━━━ EXERCISE DATA

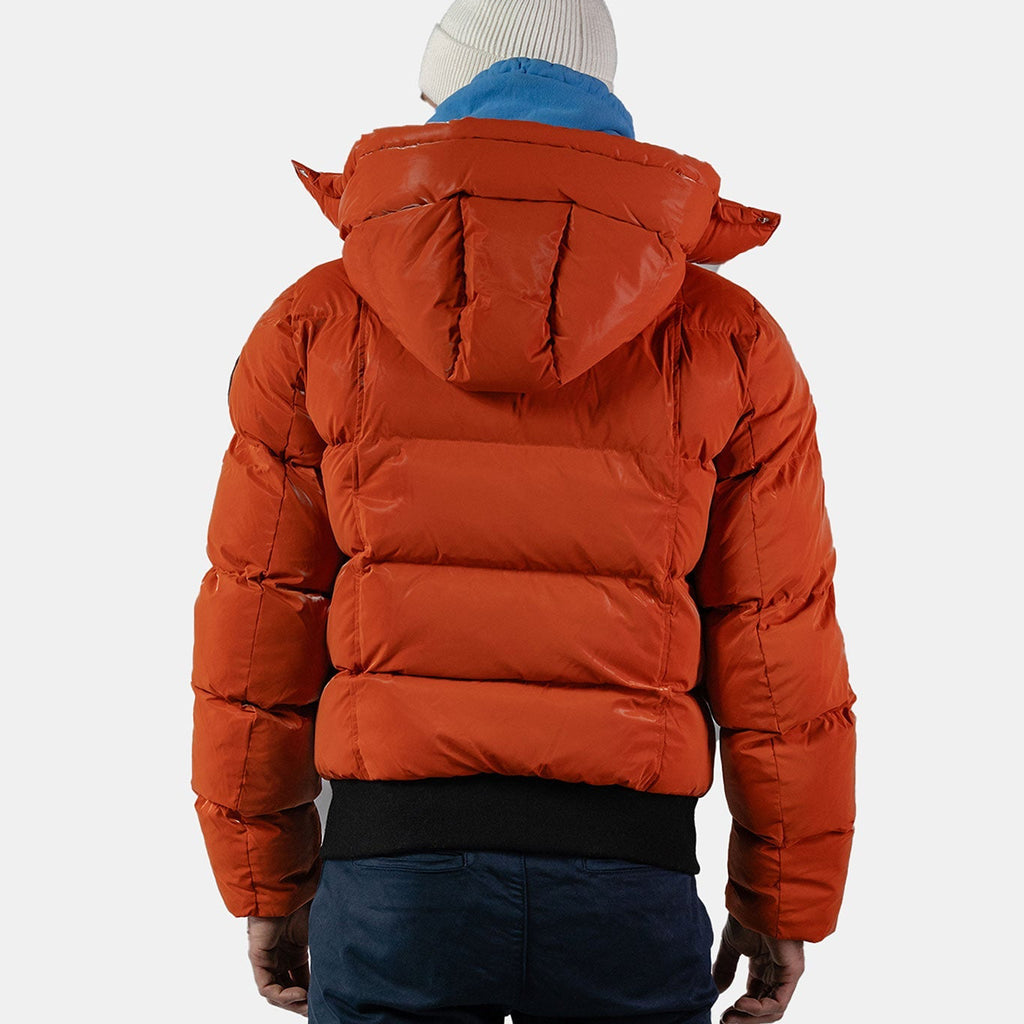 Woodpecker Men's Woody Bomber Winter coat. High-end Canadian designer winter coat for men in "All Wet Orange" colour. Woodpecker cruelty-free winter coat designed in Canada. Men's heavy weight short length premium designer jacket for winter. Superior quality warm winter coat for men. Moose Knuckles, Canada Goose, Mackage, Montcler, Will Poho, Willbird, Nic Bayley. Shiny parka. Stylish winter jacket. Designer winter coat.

━━━━━━
━━━ EXERCISE DATA

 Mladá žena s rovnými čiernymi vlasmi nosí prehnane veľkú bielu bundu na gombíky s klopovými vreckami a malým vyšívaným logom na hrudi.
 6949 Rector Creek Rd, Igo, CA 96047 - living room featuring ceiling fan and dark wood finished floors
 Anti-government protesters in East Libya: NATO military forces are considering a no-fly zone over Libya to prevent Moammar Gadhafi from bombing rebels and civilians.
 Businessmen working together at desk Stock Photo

━━━━━━
━━━ EXERCISE DATA

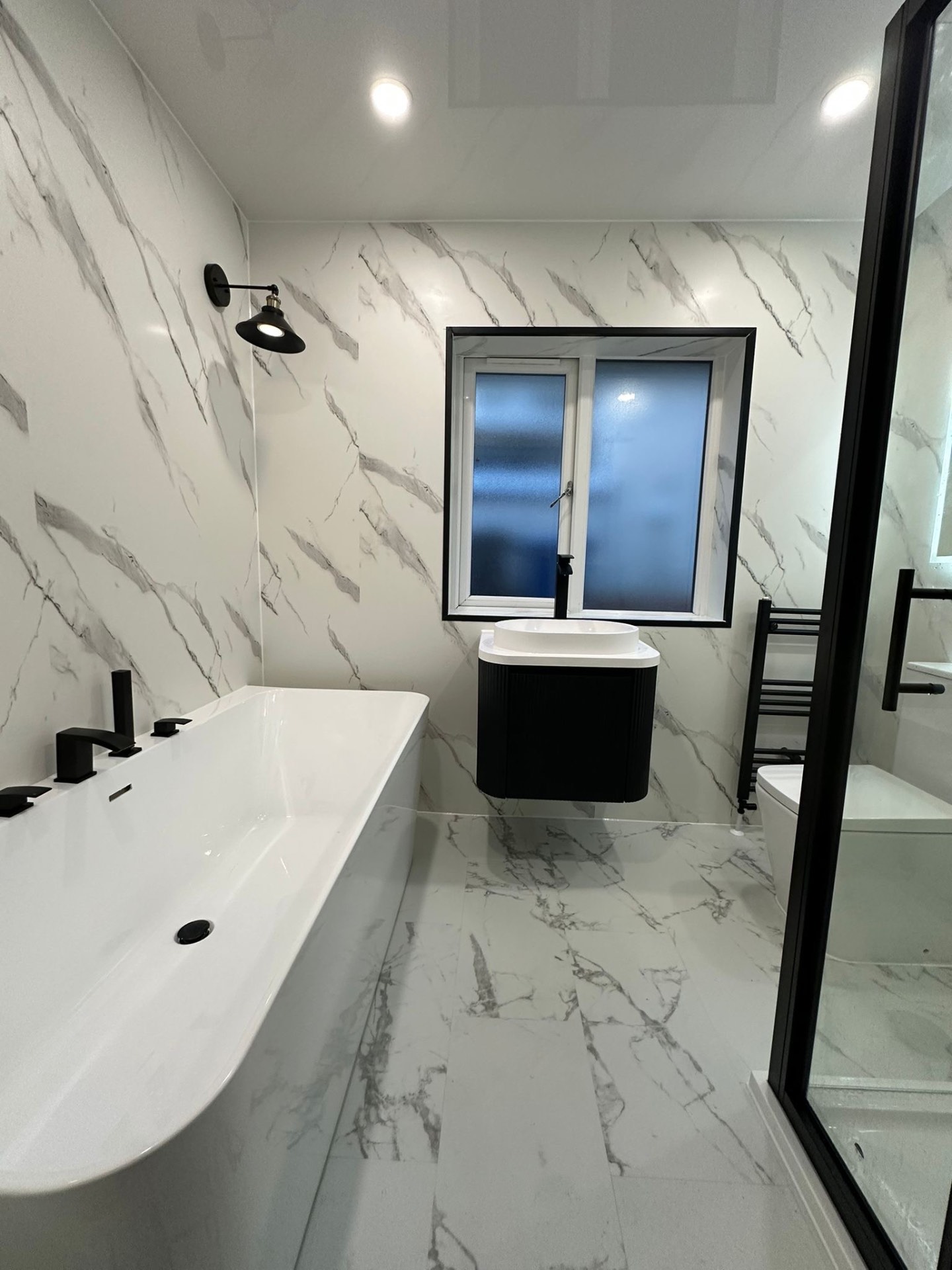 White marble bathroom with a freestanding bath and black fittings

━━━━━━

§ WHAT IS REQUIRED:
From the data above, return every line from the line that has "Anti-government protesters in" up to and including the line that has "Businessmen working together", exactly.

§ SOLUTION FOR THIS EXERCISE:
 Anti-government protesters in East Libya: NATO military forces are considering a no-fly zone over Libya to prevent Moammar Gadhafi from bombing rebels and civilians.
 Businessmen working together at desk Stock Photo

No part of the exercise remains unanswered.